In our arrival at the age of these seers, we feel the play of a freer, purer air; a lull in the miasmatic currents that bring intolerance on their wings. The tolerance that approaches is due to no surrender of its main position by dogmatic theology, but to that larger perception of the variety and complexity of life, ignorance of, or wilful blindness to, which is the secret of the survival of rigid opinion. The demonstration of the earth’s roundness; the discovery of America; the growing conception of inter-relation between the lowest and the highest life-forms; the slow but sure acceptance of the Copernican theory; and, above all, the idea of a Cosmos, an unbroken order, to which every advance in knowledge contributes, justified and fostered the free play of the intellect.
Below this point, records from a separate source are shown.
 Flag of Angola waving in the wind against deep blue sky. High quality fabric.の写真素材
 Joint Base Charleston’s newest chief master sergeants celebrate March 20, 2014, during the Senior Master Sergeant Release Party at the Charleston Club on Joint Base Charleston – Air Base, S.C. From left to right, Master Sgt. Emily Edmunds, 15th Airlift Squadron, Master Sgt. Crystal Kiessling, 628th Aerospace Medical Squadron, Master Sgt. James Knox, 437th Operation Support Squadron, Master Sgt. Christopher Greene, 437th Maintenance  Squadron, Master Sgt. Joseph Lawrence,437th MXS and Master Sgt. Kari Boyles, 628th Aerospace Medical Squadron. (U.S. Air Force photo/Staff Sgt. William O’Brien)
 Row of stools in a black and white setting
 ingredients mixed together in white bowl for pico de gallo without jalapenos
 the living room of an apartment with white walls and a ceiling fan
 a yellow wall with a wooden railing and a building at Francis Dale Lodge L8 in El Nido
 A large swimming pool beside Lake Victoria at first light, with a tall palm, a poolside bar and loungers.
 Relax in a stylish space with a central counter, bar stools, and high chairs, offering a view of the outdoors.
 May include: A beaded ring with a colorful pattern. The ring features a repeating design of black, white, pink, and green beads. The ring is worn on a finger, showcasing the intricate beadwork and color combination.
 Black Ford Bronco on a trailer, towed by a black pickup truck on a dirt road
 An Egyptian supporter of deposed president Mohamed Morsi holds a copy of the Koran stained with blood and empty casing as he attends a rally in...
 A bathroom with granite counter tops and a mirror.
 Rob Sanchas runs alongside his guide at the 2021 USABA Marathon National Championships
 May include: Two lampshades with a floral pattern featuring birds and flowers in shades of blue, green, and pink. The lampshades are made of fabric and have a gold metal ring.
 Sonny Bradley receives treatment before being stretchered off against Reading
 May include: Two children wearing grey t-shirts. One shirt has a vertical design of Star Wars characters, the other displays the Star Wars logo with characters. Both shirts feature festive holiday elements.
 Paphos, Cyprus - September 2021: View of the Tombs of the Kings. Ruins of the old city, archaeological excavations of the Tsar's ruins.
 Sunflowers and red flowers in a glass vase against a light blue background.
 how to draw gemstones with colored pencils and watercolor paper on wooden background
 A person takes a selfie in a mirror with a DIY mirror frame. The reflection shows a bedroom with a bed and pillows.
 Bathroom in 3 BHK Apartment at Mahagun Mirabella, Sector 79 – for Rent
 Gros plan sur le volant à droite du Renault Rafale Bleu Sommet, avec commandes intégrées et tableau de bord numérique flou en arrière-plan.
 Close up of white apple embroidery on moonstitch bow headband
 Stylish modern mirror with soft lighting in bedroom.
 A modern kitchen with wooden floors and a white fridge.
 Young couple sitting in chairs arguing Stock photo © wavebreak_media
Foreign as yet, however, to the minds of widest breadth, was the conception of the inclusion of Man himself in the universal order. Duality—Nature overruled by supernature—was the unaltered note; the supernature as part of Nature a thing undreamed of. Nor could it be otherwise while the belief in diabolical agencies still held the field, sending wretched victims to the stake on the evidence of conscientious witnesses, and with the concurrence of humane judges. Animism, the root of all personification, whether of good or evil, had lost none of its essential character, and but little of its vigour.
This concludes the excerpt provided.